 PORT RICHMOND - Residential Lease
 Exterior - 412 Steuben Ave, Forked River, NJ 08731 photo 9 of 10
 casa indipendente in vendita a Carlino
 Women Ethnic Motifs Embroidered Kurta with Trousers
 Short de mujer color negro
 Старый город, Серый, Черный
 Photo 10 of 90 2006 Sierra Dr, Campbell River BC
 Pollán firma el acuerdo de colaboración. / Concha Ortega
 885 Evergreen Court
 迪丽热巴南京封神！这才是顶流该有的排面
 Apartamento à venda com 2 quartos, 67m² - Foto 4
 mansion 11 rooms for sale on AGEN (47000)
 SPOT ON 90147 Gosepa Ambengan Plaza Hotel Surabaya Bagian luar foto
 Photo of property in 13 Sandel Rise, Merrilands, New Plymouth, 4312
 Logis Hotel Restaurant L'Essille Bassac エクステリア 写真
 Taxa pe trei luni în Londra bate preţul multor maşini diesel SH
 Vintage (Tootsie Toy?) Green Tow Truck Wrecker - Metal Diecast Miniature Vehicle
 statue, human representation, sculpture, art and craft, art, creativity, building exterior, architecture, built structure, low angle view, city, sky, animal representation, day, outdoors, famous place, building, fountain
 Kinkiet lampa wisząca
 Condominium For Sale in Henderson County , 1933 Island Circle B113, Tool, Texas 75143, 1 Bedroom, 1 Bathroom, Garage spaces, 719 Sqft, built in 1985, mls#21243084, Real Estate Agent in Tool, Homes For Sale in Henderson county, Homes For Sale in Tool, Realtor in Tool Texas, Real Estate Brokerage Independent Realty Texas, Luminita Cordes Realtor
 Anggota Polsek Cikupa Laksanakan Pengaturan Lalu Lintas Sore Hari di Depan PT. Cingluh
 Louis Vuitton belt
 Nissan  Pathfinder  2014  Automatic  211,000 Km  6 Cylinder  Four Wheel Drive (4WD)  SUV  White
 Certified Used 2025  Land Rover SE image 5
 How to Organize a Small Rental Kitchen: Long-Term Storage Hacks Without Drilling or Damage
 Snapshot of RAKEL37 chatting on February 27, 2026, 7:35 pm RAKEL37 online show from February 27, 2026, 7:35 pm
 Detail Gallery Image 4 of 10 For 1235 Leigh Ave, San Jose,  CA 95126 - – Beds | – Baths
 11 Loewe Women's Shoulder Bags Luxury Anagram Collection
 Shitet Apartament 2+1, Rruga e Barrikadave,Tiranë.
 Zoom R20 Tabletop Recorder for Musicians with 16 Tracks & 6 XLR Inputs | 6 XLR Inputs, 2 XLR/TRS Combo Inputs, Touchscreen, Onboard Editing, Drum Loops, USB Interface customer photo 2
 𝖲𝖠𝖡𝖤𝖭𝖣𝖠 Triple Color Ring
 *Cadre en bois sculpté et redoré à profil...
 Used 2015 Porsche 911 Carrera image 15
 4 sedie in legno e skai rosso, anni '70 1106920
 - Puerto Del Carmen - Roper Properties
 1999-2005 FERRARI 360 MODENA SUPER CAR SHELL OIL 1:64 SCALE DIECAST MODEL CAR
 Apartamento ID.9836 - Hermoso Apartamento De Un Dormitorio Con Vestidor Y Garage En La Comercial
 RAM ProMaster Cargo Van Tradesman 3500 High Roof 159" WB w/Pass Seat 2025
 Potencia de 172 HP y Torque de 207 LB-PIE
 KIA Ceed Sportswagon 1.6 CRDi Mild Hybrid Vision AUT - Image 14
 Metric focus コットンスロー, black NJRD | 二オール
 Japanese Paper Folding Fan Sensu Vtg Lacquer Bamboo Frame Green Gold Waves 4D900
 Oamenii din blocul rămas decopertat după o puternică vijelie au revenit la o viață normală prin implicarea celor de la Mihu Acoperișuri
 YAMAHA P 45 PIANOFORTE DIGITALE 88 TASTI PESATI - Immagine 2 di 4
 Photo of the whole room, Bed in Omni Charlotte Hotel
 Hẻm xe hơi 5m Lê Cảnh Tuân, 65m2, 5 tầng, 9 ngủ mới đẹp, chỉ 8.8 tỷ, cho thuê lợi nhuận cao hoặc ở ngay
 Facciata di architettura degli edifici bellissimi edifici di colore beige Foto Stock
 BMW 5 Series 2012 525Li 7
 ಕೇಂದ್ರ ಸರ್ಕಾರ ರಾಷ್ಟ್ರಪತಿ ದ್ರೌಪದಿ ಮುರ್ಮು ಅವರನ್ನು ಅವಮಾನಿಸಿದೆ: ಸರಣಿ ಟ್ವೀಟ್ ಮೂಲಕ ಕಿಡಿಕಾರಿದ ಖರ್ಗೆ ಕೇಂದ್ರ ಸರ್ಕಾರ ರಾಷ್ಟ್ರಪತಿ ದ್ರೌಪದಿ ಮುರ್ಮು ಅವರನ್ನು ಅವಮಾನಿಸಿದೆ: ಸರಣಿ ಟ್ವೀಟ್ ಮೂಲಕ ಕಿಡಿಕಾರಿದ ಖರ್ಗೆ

=-=-=

* **WHAT YOU ARE ASKED TO DO**: Make an exact copy of all the data.

* **ANSWER AREA**:
 PORT RICHMOND - Residential Lease
 Exterior - 412 Steuben Ave, Forked River, NJ 08731 photo 9 of 10
 casa indipendente in vendita a Carlino
 Women Ethnic Motifs Embroidered Kurta with Trousers
 Short de mujer color negro
 Старый город, Серый, Черный
 Photo 10 of 90 2006 Sierra Dr, Campbell River BC
 Pollán firma el acuerdo de colaboración. / Concha Ortega
 885 Evergreen Court
 迪丽热巴南京封神！这才是顶流该有的排面
 Apartamento à venda com 2 quartos, 67m² - Foto 4
 mansion 11 rooms for sale on AGEN (47000)
 SPOT ON 90147 Gosepa Ambengan Plaza Hotel Surabaya Bagian luar foto
 Photo of property in 13 Sandel Rise, Merrilands, New Plymouth, 4312
 Logis Hotel Restaurant L'Essille Bassac エクステリア 写真
 Taxa pe trei luni în Londra bate preţul multor maşini diesel SH
 Vintage (Tootsie Toy?) Green Tow Truck Wrecker - Metal Diecast Miniature Vehicle
 statue, human representation, sculpture, art and craft, art, creativity, building exterior, architecture, built structure, low angle view, city, sky, animal representation, day, outdoors, famous place, building, fountain
 Kinkiet lampa wisząca
 Condominium For Sale in Henderson County , 1933 Island Circle B113, Tool, Texas 75143, 1 Bedroom, 1 Bathroom, Garage spaces, 719 Sqft, built in 1985, mls#21243084, Real Estate Agent in Tool, Homes For Sale in Henderson county, Homes For Sale in Tool, Realtor in Tool Texas, Real Estate Brokerage Independent Realty Texas, Luminita Cordes Realtor
 Anggota Polsek Cikupa Laksanakan Pengaturan Lalu Lintas Sore Hari di Depan PT. Cingluh
 Louis Vuitton belt
 Nissan  Pathfinder  2014  Automatic  211,000 Km  6 Cylinder  Four Wheel Drive (4WD)  SUV  White
 Certified Used 2025  Land Rover SE image 5
 How to Organize a Small Rental Kitchen: Long-Term Storage Hacks Without Drilling or Damage
 Snapshot of RAKEL37 chatting on February 27, 2026, 7:35 pm RAKEL37 online show from February 27, 2026, 7:35 pm
 Detail Gallery Image 4 of 10 For 1235 Leigh Ave, San Jose,  CA 95126 - – Beds | – Baths
 11 Loewe Women's Shoulder Bags Luxury Anagram Collection
 Shitet Apartament 2+1, Rruga e Barrikadave,Tiranë.
 Zoom R20 Tabletop Recorder for Musicians with 16 Tracks & 6 XLR Inputs | 6 XLR Inputs, 2 XLR/TRS Combo Inputs, Touchscreen, Onboard Editing, Drum Loops, USB Interface customer photo 2
 𝖲𝖠𝖡𝖤𝖭𝖣𝖠 Triple Color Ring
 *Cadre en bois sculpté et redoré à profil...
 Used 2015 Porsche 911 Carrera image 15
 4 sedie in legno e skai rosso, anni '70 1106920
 - Puerto Del Carmen - Roper Properties
 1999-2005 FERRARI 360 MODENA SUPER CAR SHELL OIL 1:64 SCALE DIECAST MODEL CAR
 Apartamento ID.9836 - Hermoso Apartamento De Un Dormitorio Con Vestidor Y Garage En La Comercial
 RAM ProMaster Cargo Van Tradesman 3500 High Roof 159" WB w/Pass Seat 2025
 Potencia de 172 HP y Torque de 207 LB-PIE
 KIA Ceed Sportswagon 1.6 CRDi Mild Hybrid Vision AUT - Image 14
 Metric focus コットンスロー, black NJRD | 二オール
 Japanese Paper Folding Fan Sensu Vtg Lacquer Bamboo Frame Green Gold Waves 4D900
 Oamenii din blocul rămas decopertat după o puternică vijelie au revenit la o viață normală prin implicarea celor de la Mihu Acoperișuri
 YAMAHA P 45 PIANOFORTE DIGITALE 88 TASTI PESATI - Immagine 2 di 4
 Photo of the whole room, Bed in Omni Charlotte Hotel
 Hẻm xe hơi 5m Lê Cảnh Tuân, 65m2, 5 tầng, 9 ngủ mới đẹp, chỉ 8.8 tỷ, cho thuê lợi nhuận cao hoặc ở ngay
 Facciata di architettura degli edifici bellissimi edifici di colore beige Foto Stock
 BMW 5 Series 2012 525Li 7
 ಕೇಂದ್ರ ಸರ್ಕಾರ ರಾಷ್ಟ್ರಪತಿ ದ್ರೌಪದಿ ಮುರ್ಮು ಅವರನ್ನು ಅವಮಾನಿಸಿದೆ: ಸರಣಿ ಟ್ವೀಟ್ ಮೂಲಕ ಕಿಡಿಕಾರಿದ ಖರ್ಗೆ ಕೇಂದ್ರ ಸರ್ಕಾರ ರಾಷ್ಟ್ರಪತಿ ದ್ರೌಪದಿ ಮುರ್ಮು ಅವರನ್ನು ಅವಮಾನಿಸಿದೆ: ಸರಣಿ ಟ್ವೀಟ್ ಮೂಲಕ ಕಿಡಿಕಾರಿದ ಖರ್ಗೆ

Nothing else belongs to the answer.